Artificial intelligence driven tumor risk stratification from single-cell transcriptomics using phenotype algebra
Figures

SCellBOW workflow.
(a) Schematic overview of SCellBOW workflow for identifying cellular clusters and assessing the aggressiveness of the predicted clusters. For SCellBOW clustering, firstly, a corpus was created from the gene expression matrix, where cells were analogous to documents and genes to words. Next, the pre-trained model was retrained with the vocabulary of the target dataset. Then, clustering was performed on embeddings generated from the neural network.

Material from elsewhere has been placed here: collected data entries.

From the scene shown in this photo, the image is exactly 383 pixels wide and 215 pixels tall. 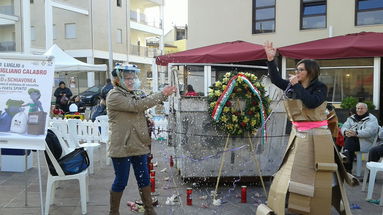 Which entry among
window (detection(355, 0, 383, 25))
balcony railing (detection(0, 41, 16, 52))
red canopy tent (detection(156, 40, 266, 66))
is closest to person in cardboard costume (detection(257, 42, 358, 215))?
red canopy tent (detection(156, 40, 266, 66))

For SCellBOW phenotype algebra, vectors were created for reference (total tumor) and queries. Then, the query vector was subtracted from the reference vector to calculate the predicted risk score using a bootstrapped random survival forest. Finally, survival probability was evaluated, and phenotypes were stratified by the median predicted risk score. Created using BioRender.com.

Evaluation of single-cell representations using SCellBOW.
(a–c) UMAP plots for the normal prostate (a), PBMC (b), and pancreas (c) datasets. The coordinates are colored by cell types. (d-f) UMAP plots for normal prostate (d), PBMC (e), and pancreas (f) datasets, where the coordinates are colored by SCellBOW clusters. CL is used as an abbreviation for cluster. (g–i) Radial plot for the percentage of contribution of different methods towards ARI for various resolutions ranging from 0.2 to 2.0. ItClust is a resolution-independent method; thus, the ARI is kept constant across all the resolutions. (j) Box plot for the NMI of different methods across different resolutions ranging from 0.2 to 2.0 in steps of 0.2. (k) Bar plot for the cell type silhouette index (SI) for different methods. The default resolution was set to 1.0.

Evaluation of in-house splenocytes and matched PBMC dataset.
(a) An experiment schematic diagram highlighting the sites of the organs for tissue collection and sample processing. In this matched PBMC-splenocyte CITE-seq experiment, PBMCs and splenocytes were collected, followed by high-throughput sequencing and downstream analyses. Created using BioRender.com. (b, c) UMAP plots for SCellBOW embedding colored by donors (b) and cell types (c). (d) The UMAP plots for the embedding of SCellBOW compared to different benchmarking methods. The coordinates of all the plots are colored by cell type annotation results using Azimuth. (e) Bar plot for ARI, NMI, cell type SI at resolution 1.0. (f, g) Alluvial plots for Azimuth cell types mapped to SCellBOW clusters (f) and Scanpy clusters (g). The resolution of SCellBOW was set to 1.0. CL is used as an abbreviation for cluster.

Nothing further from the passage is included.